(Beginning of TASK MATERIAL)
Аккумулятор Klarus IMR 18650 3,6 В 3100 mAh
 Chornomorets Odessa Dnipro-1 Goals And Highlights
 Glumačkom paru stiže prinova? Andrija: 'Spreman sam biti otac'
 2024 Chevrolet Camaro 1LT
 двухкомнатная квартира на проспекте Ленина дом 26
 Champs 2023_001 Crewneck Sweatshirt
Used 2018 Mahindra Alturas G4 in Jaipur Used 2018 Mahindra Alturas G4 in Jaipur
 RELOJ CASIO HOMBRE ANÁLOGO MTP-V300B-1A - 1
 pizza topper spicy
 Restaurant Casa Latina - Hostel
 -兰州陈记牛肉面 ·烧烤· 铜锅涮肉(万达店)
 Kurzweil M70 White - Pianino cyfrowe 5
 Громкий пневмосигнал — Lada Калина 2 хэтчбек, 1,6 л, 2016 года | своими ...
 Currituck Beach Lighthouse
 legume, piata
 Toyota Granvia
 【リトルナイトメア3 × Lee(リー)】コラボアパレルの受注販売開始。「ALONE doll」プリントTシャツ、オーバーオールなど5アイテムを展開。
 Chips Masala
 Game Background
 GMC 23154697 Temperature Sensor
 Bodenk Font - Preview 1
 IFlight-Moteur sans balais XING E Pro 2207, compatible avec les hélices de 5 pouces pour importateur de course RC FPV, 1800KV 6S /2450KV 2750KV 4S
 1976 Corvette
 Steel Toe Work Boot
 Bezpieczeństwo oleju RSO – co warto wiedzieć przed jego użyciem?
(End of TASK MATERIAL)
◆ PROBLEM TO SOLVE:
Everything from the line containing "Bodenk Font - Preview 1" to the last line of the data above must be set down exactly, both ends included, with no other lines.

◆ EXERCISE RESULT:
 Bodenk Font - Preview 1
 IFlight-Moteur sans balais XING E Pro 2207, compatible avec les hélices de 5 pouces pour importateur de course RC FPV, 1800KV 6S /2450KV 2750KV 4S
 1976 Corvette
 Steel Toe Work Boot
 Bezpieczeństwo oleju RSO – co warto wiedzieć przed jego użyciem?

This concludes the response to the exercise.